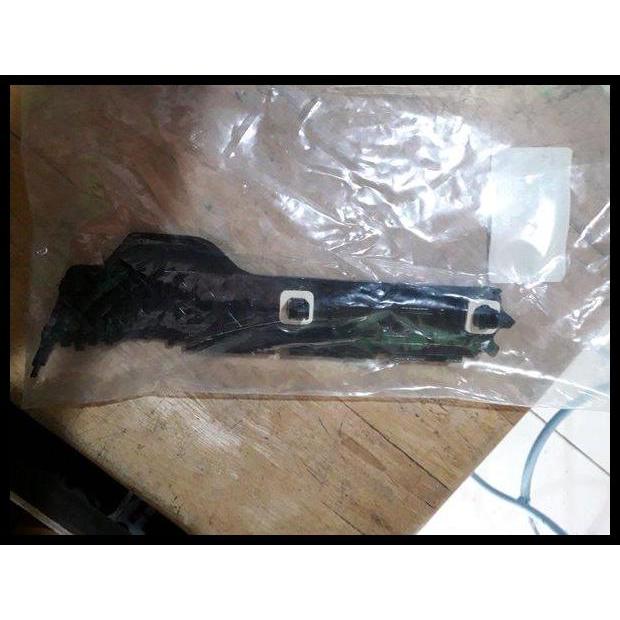 HOT DEAL BRACKET BEMPER BELAKANG YARIS 2004-2011 ORIGINAL 1BUAH. 
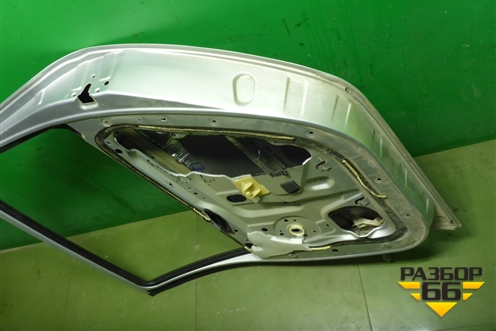 Дверь задняя правая (5ти дверный хетчбэк) для Peugeot 307 с 2001-2007г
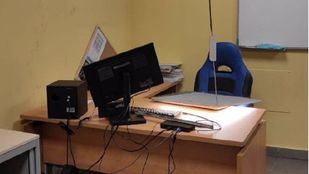 Detenido un hombre que quedó atrapado en el conducto de ventilación de una oficina a la que había entrado a robar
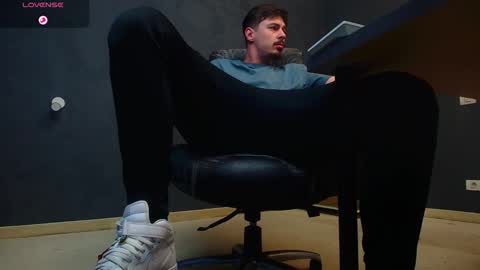 EnzoRace online show from November 1, 5:53 am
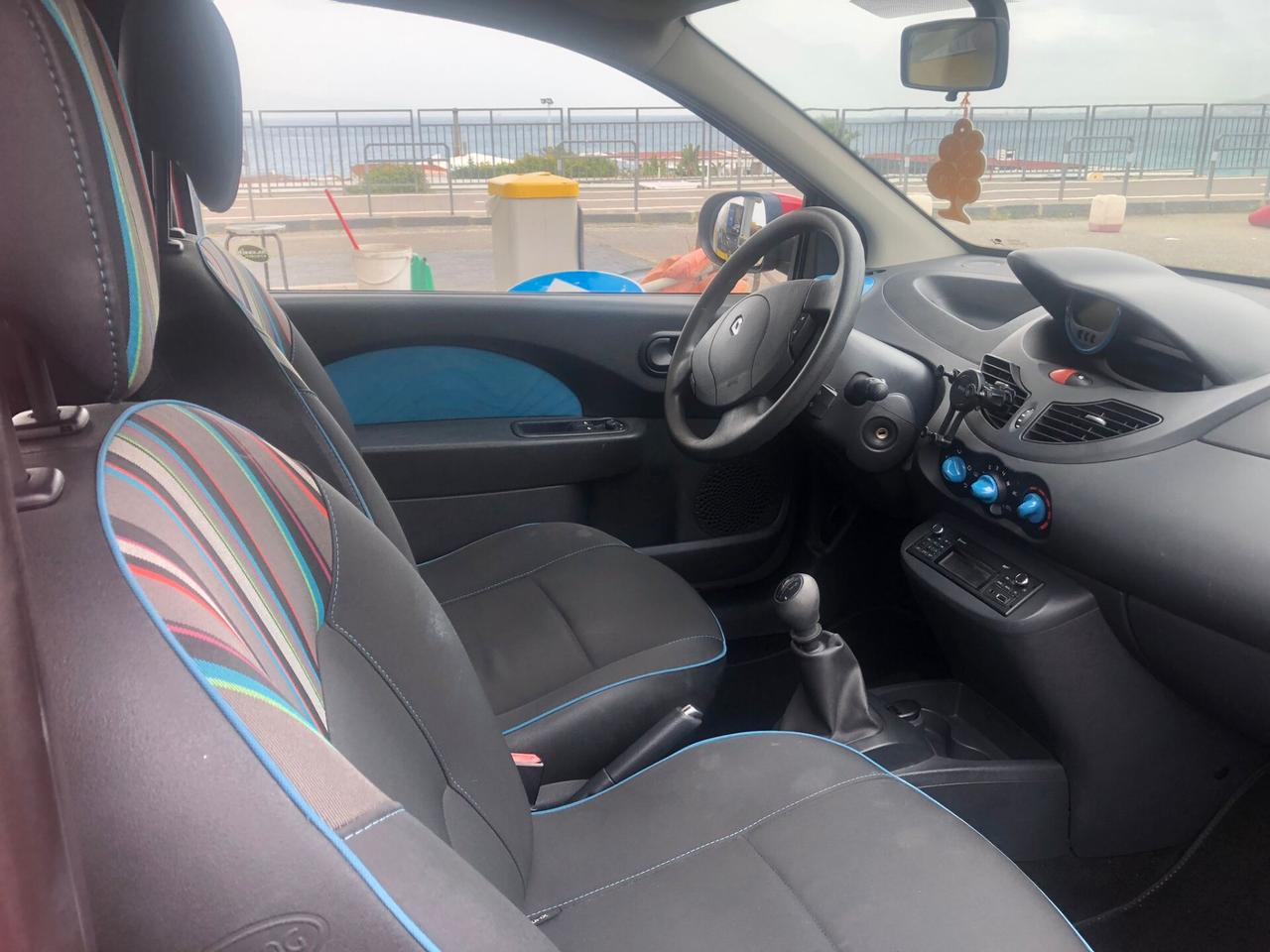 Renault Twingo 1.2 16V Live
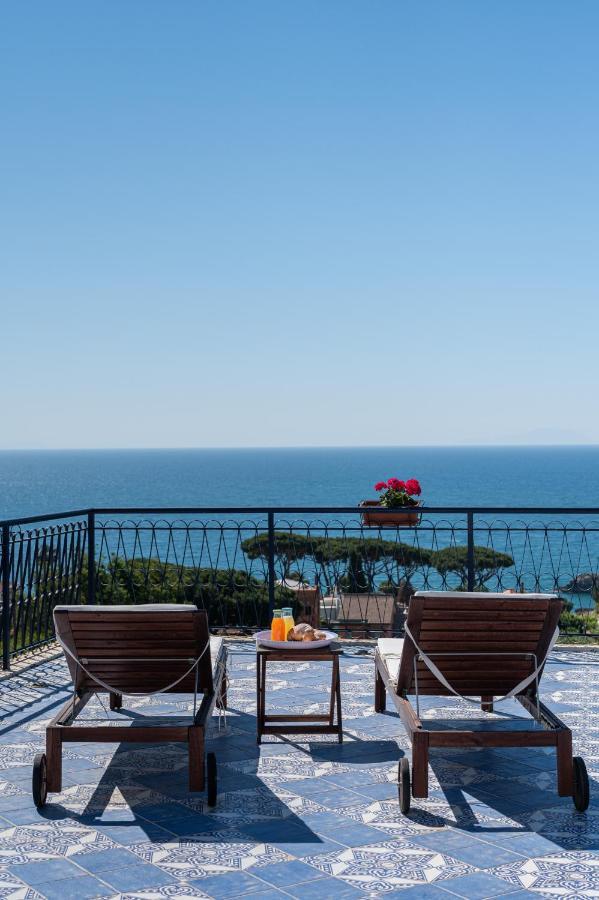 Gli Archi Sul Mare Bed & Breakfast Гаета Екстериор снимка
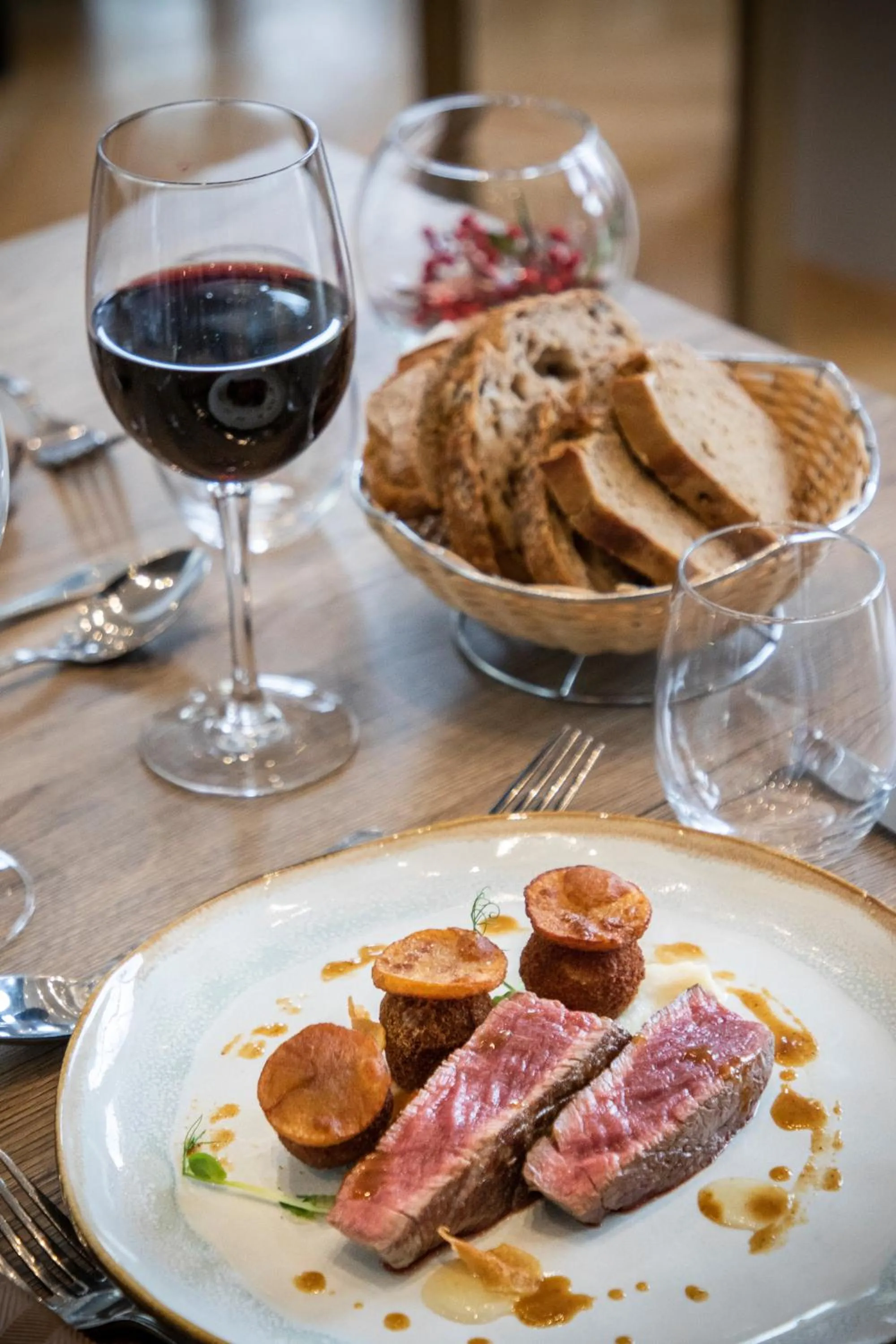 Food and drinks in Hotel & Spa Radiana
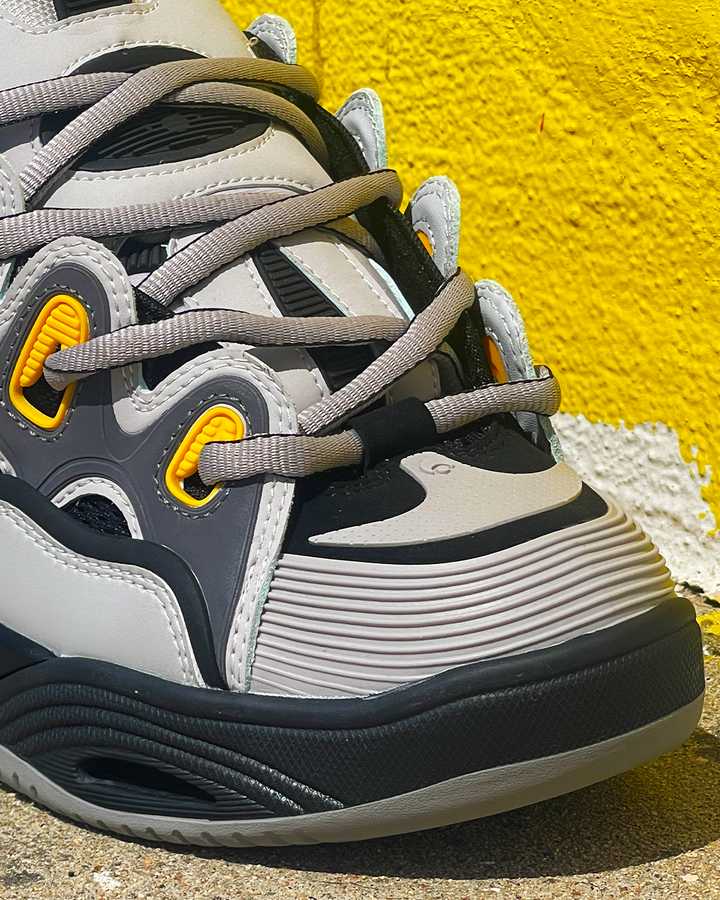 D3 2001 Grey/Black/Yellow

————————

● **What is being asked**: Write out exactly, and only, the lines running from the line with "Gli Archi Sul" to the last line above, both included, with all pictures omitted.

● **Exercise solution**:
 Gli Archi Sul Mare Bed & Breakfast Гаета Екстериор снимка
 Food and drinks in Hotel & Spa Radiana
 D3 2001 Grey/Black/Yellow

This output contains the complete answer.